Powerful words, phrases, and imagery can be used to elicit an emotional response from the reader. Be that to make the audience feel sad, happy, angry, sympathetic, guilty etc. It is often used to make the audience take the side of or share the opinion of the writer with the intention of motivating the receiver to respond to your message. This appeals to the pathos of the rhetoric triangle and is often used in speeches in order to get an audience to rally around a cause.
Power of three
This is when the message sender uses lists of 3 in their writing to support an argument. It emphasises the point that you are making. A recent example of this technique which has been difficult to get away from for the past few years is the UK government coronavirus messaging “Hands, face, space” or “Stay home, protect the NHS, save lives” (which also incorporates emotive language, to further emphasise their point).
Statistic and figures
When you make a point, backing it up with facts and figures supports a more conclusive and persuasive argument. Your audience is more likely to take what you are saying on board when it is backed up by evidence from a reputable source.
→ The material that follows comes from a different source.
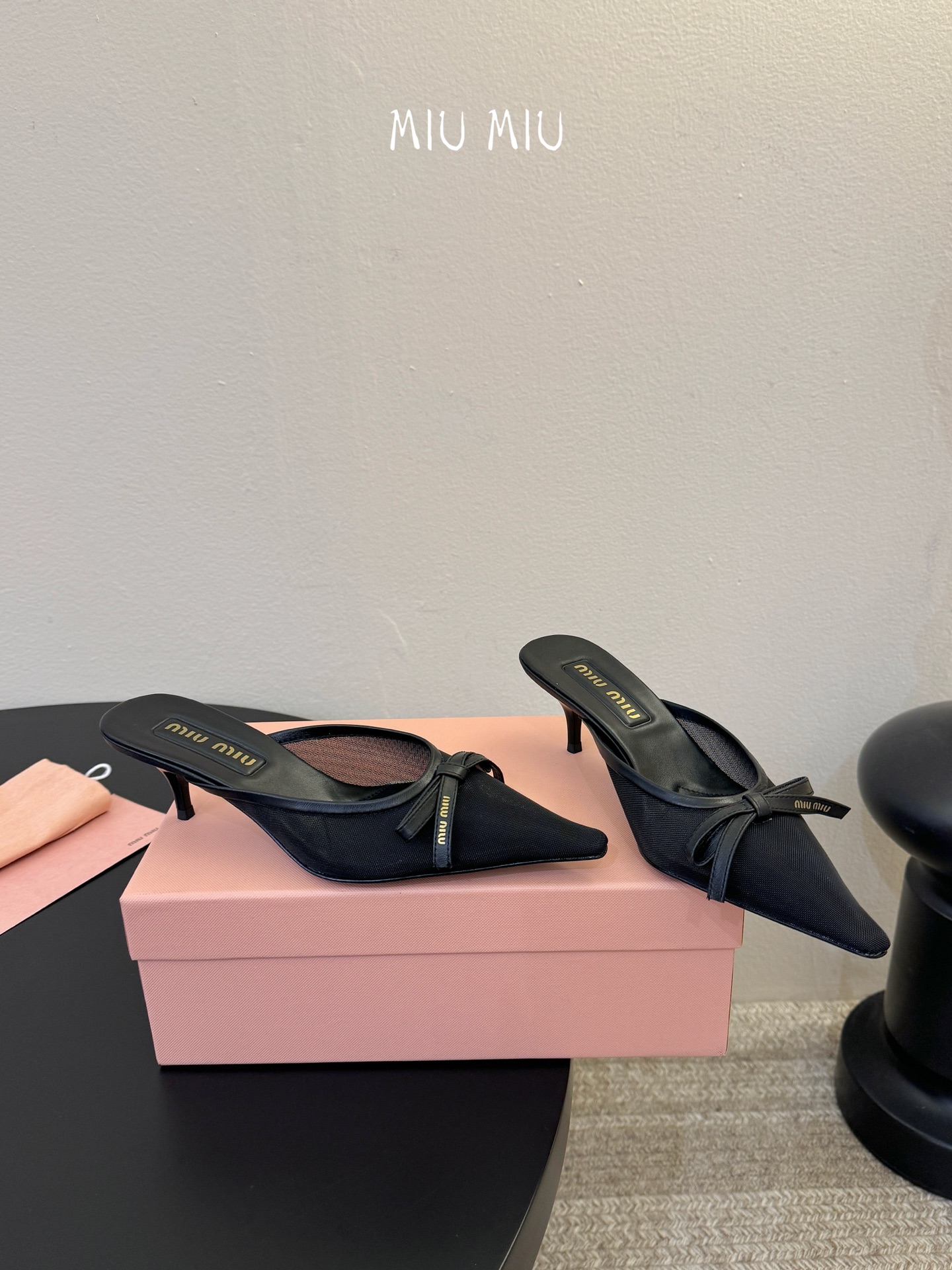 miu mi* 缪缪 春夏新款 尖头高跟鞋走秀网红爆款上脚非常完美 穿搭配 此鞋 优雅大方 时尚 高跟很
This appeals to the logos of Aristotle’s rhetoric triangle.
Using rhetorical questions that don’t require an answer is a great way to get your audience thinking, while subtly emphasising and drawing attention to a point that you are making. Rhetorical questions also give what you are saying a conversational tone, meaning that it helps you write the way that you talk, making it easier to understand and for your audience to connect with. Do you know what I mean?
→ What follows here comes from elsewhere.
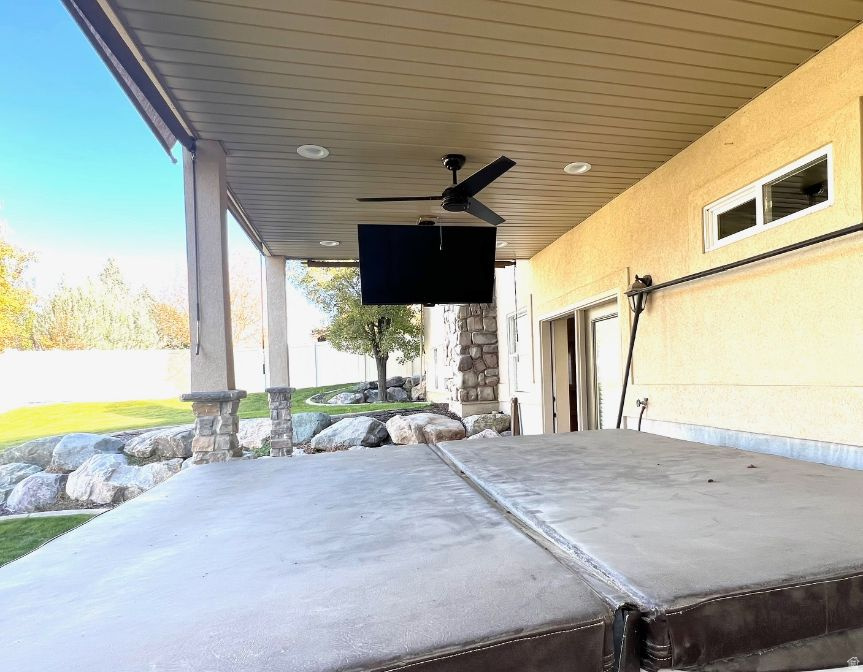 1211 GRANDVIEW DR Providence, UT 84332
Anecdotes are best thought about as small stories that serve a practical purpose. It’s important that you know your message, find the right example, weave in the narrative, convey passion, and support with facts.
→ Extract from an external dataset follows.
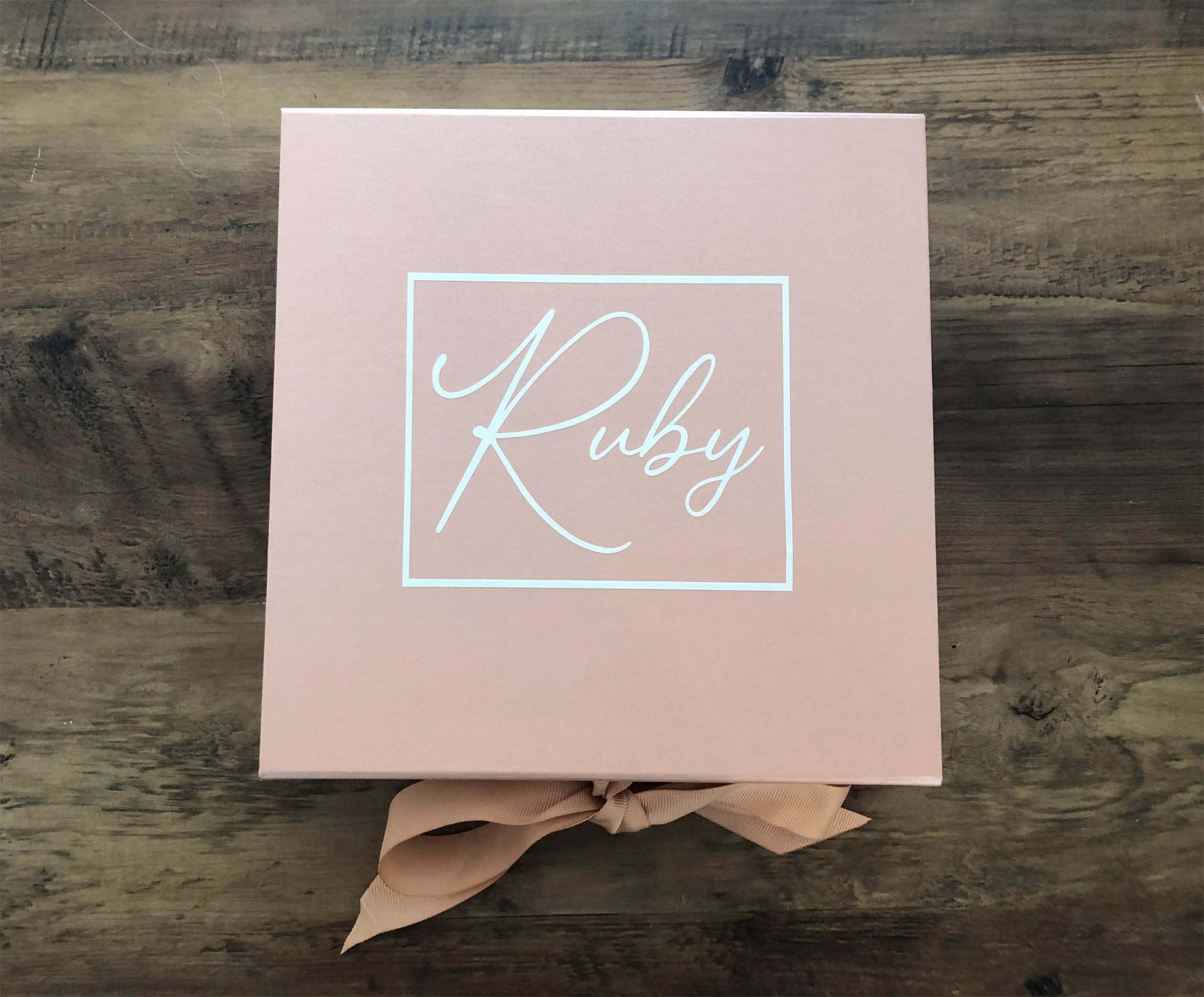 Medium Personalised Gift Box - Jessica Hollie GiftsBoxes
Repeating the same word or phrase more than once means that your message is more likely to stick in your audience's mind. It also aids with the flow of what you are saying as well as working to convince people that what you are saying is true.
This is a really powerful technique that not only makes your copy more interesting to read but it works like repetition. Repeating the consonant sound and the beginning of words helps them to stick in your mind as well as stand out. This technique was actually used in the title of this post.
Undermine opposing view
This can be a slightly risky technique if overtly used. However, it can be discreetly utilised in the form of ‘Us vs them’ content. For example, if you compare yourself to the competitors, saying something along the lines of how you compare to some of the leading competitors in your niche. You need to acknowledge their existence while at the same time, displaying how you are better and why people should use your product or service over theirs.
When writing copy, if your main goal is to sell or product, or change someone's way of thinking, an understanding of these 12 fundamental concepts of persuasive communication will put you on the right track on the way to success.